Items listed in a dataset
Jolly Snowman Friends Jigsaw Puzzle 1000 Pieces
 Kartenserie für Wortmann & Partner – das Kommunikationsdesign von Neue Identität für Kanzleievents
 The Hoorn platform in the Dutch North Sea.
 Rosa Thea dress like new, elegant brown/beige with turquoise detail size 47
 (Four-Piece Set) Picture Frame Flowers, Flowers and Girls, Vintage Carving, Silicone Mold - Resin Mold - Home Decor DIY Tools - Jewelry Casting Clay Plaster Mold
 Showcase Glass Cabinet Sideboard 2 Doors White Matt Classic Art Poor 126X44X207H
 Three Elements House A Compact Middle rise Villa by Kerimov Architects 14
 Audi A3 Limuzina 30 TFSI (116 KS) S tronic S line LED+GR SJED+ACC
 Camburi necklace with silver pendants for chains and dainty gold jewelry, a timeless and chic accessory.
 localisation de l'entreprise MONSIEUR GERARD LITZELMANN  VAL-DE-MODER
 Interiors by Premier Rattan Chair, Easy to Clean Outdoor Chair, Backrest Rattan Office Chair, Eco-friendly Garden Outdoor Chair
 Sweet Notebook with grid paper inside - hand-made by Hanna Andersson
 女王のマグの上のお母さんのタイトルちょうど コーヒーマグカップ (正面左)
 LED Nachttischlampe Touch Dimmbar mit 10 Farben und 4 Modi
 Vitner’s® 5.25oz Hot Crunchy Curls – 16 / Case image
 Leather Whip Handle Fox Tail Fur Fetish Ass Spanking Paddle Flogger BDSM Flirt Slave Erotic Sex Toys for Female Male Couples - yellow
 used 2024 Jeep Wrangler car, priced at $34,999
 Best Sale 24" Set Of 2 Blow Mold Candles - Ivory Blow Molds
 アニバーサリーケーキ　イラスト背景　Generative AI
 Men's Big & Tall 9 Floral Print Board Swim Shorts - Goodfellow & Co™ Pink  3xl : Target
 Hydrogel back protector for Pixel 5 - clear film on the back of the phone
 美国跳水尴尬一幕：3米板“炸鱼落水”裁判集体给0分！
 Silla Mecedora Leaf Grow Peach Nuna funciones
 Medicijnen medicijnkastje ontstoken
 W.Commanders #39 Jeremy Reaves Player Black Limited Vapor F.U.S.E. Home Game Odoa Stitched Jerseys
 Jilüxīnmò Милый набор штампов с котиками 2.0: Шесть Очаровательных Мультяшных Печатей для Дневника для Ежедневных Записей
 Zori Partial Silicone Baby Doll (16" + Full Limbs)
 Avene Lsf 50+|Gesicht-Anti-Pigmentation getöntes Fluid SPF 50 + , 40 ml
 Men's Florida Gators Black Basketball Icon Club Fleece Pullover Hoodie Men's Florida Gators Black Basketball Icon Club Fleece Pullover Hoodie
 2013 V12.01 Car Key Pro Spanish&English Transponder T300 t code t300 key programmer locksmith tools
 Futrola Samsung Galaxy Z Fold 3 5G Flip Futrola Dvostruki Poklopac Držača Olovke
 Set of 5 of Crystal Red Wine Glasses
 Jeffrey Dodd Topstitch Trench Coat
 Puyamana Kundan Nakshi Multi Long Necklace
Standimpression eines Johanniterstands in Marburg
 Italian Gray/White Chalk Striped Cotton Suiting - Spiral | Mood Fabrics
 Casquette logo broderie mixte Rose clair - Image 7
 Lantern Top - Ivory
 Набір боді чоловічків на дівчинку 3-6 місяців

◆ Try it ◆
Go through the entries above and restate each one exactly.

◆ Response to the exercise ◆
Jolly Snowman Friends Jigsaw Puzzle 1000 Pieces
 Kartenserie für Wortmann & Partner – das Kommunikationsdesign von Neue Identität für Kanzleievents
 The Hoorn platform in the Dutch North Sea.
 Rosa Thea dress like new, elegant brown/beige with turquoise detail size 47
 (Four-Piece Set) Picture Frame Flowers, Flowers and Girls, Vintage Carving, Silicone Mold - Resin Mold - Home Decor DIY Tools - Jewelry Casting Clay Plaster Mold
 Showcase Glass Cabinet Sideboard 2 Doors White Matt Classic Art Poor 126X44X207H
 Three Elements House A Compact Middle rise Villa by Kerimov Architects 14
 Audi A3 Limuzina 30 TFSI (116 KS) S tronic S line LED+GR SJED+ACC
 Camburi necklace with silver pendants for chains and dainty gold jewelry, a timeless and chic accessory.
 localisation de l'entreprise MONSIEUR GERARD LITZELMANN  VAL-DE-MODER
 Interiors by Premier Rattan Chair, Easy to Clean Outdoor Chair, Backrest Rattan Office Chair, Eco-friendly Garden Outdoor Chair
 Sweet Notebook with grid paper inside - hand-made by Hanna Andersson
 女王のマグの上のお母さんのタイトルちょうど コーヒーマグカップ (正面左)
 LED Nachttischlampe Touch Dimmbar mit 10 Farben und 4 Modi
 Vitner’s® 5.25oz Hot Crunchy Curls – 16 / Case image
 Leather Whip Handle Fox Tail Fur Fetish Ass Spanking Paddle Flogger BDSM Flirt Slave Erotic Sex Toys for Female Male Couples - yellow
 used 2024 Jeep Wrangler car, priced at $34,999
 Best Sale 24" Set Of 2 Blow Mold Candles - Ivory Blow Molds
 アニバーサリーケーキ　イラスト背景　Generative AI
 Men's Big & Tall 9 Floral Print Board Swim Shorts - Goodfellow & Co™ Pink  3xl : Target
 Hydrogel back protector for Pixel 5 - clear film on the back of the phone
 美国跳水尴尬一幕：3米板“炸鱼落水”裁判集体给0分！
 Silla Mecedora Leaf Grow Peach Nuna funciones
 Medicijnen medicijnkastje ontstoken
 W.Commanders #39 Jeremy Reaves Player Black Limited Vapor F.U.S.E. Home Game Odoa Stitched Jerseys
 Jilüxīnmò Милый набор штампов с котиками 2.0: Шесть Очаровательных Мультяшных Печатей для Дневника для Ежедневных Записей
 Zori Partial Silicone Baby Doll (16" + Full Limbs)
 Avene Lsf 50+|Gesicht-Anti-Pigmentation getöntes Fluid SPF 50 + , 40 ml
 Men's Florida Gators Black Basketball Icon Club Fleece Pullover Hoodie Men's Florida Gators Black Basketball Icon Club Fleece Pullover Hoodie
 2013 V12.01 Car Key Pro Spanish&English Transponder T300 t code t300 key programmer locksmith tools
 Futrola Samsung Galaxy Z Fold 3 5G Flip Futrola Dvostruki Poklopac Držača Olovke
 Set of 5 of Crystal Red Wine Glasses
 Jeffrey Dodd Topstitch Trench Coat
 Puyamana Kundan Nakshi Multi Long Necklace
Standimpression eines Johanniterstands in Marburg
 Italian Gray/White Chalk Striped Cotton Suiting - Spiral | Mood Fabrics
 Casquette logo broderie mixte Rose clair - Image 7
 Lantern Top - Ivory
 Набір боді чоловічків на дівчинку 3-6 місяців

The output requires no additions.